WHAT THE TASK ASKS: Nothing but the records, transcribed exactly, should appear in the answer; leave the pictures out.
[DATA EXCERPTS]
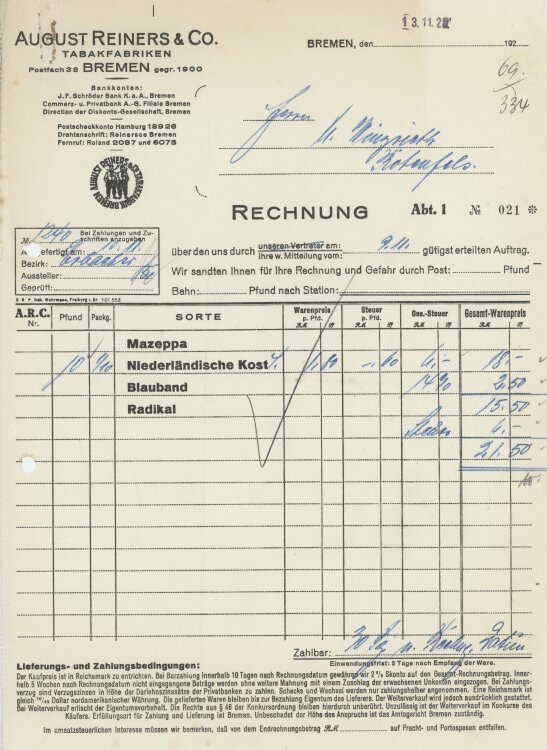 Firma M. Winzrieth (Kaufhaus) - Rechnung - 13.11.1928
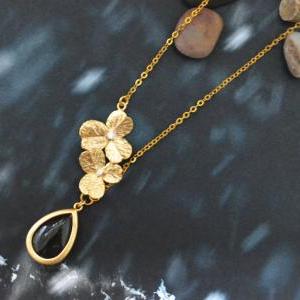 Sideways Necklace, Unbalanced Flower Necklace,..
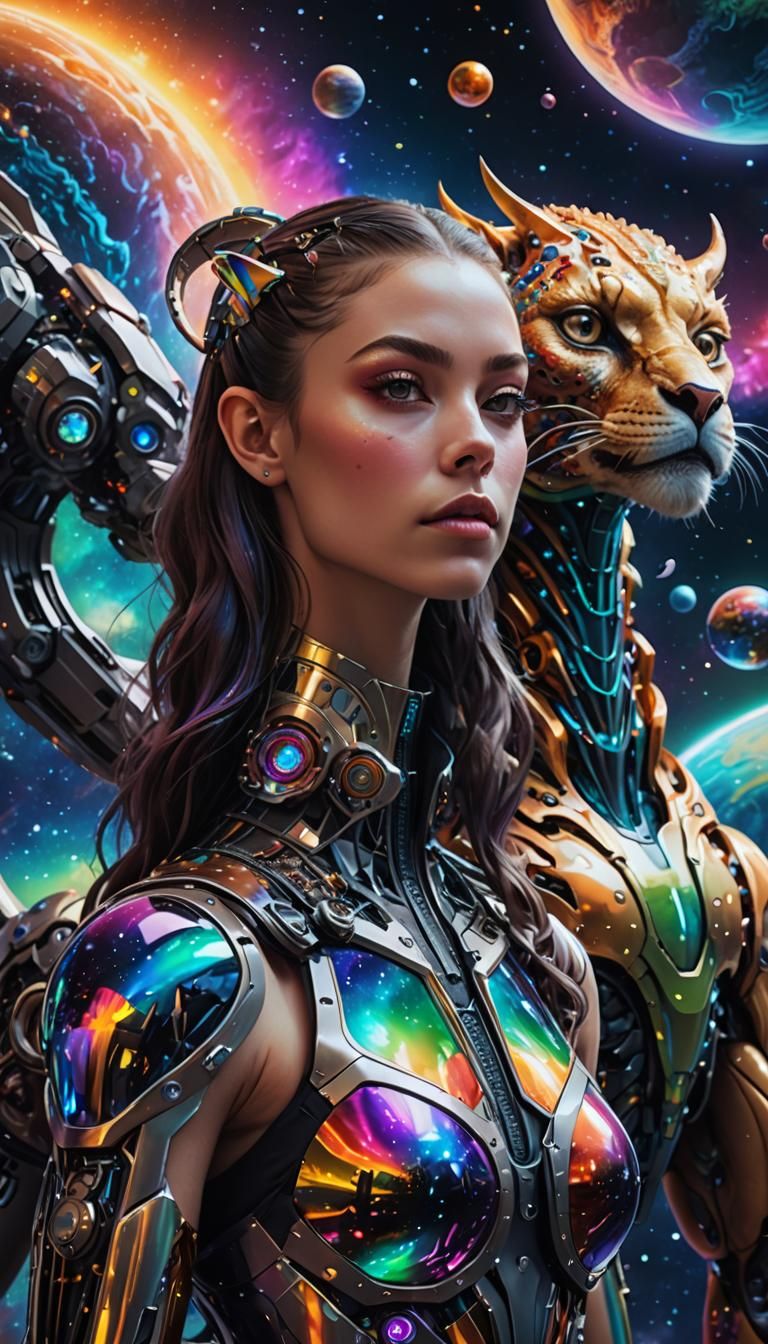 Rainbow Crystal Chimera Girl in Digital Art Style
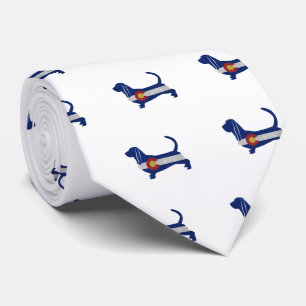 Basset Hound Hondenras Colorado Flag Silhouette Stropdas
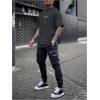 image:imageGORGLITTER Mens Crewneck T Shirt Letter Graphic Short Sleeve Casual Drop Shoulder Oversized TeeDark Grey Letter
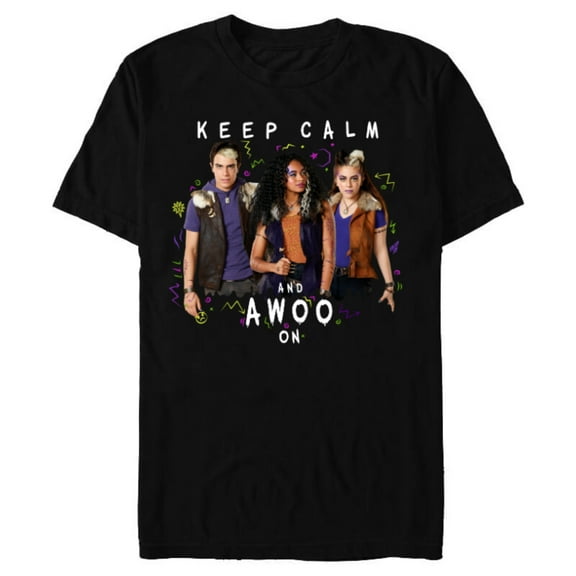 Disney Channel Zombies 2 Keep Calm and Awoo On - Short Sleeve Blended T-Shirt for Adults- Customized-Black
[/DATA EXCERPTS]
REPLY:
 Firma M. Winzrieth (Kaufhaus) - Rechnung - 13.11.1928
 Sideways Necklace, Unbalanced Flower Necklace,..
 Rainbow Crystal Chimera Girl in Digital Art Style
 Basset Hound Hondenras Colorado Flag Silhouette Stropdas
 image:imageGORGLITTER Mens Crewneck T Shirt Letter Graphic Short Sleeve Casual Drop Shoulder Oversized TeeDark Grey Letter
 Disney Channel Zombies 2 Keep Calm and Awoo On - Short Sleeve Blended T-Shirt for Adults- Customized-Black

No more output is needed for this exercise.